BRIEF – For the entries below, repeat exactly each line starting with the one that contains "Multi-language Translation Bluetooth" and going on through the one that contains "Grinch Winter Hat", and no others.

DATA SUPPLIED –

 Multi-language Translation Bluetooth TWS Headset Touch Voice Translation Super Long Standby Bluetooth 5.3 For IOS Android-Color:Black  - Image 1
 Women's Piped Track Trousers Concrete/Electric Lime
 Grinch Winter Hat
--
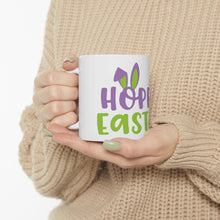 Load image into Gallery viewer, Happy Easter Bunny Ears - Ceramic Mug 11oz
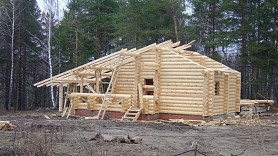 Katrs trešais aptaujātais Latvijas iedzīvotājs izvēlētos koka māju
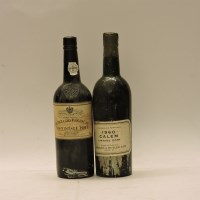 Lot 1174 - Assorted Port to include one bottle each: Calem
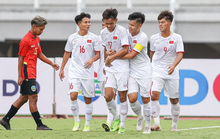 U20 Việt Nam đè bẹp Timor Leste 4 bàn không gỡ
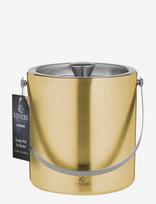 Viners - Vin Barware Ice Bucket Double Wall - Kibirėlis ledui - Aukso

ANSWER TO THE PROBLEM –
 Multi-language Translation Bluetooth TWS Headset Touch Voice Translation Super Long Standby Bluetooth 5.3 For IOS Android-Color:Black  - Image 1
 Women's Piped Track Trousers Concrete/Electric Lime
 Grinch Winter Hat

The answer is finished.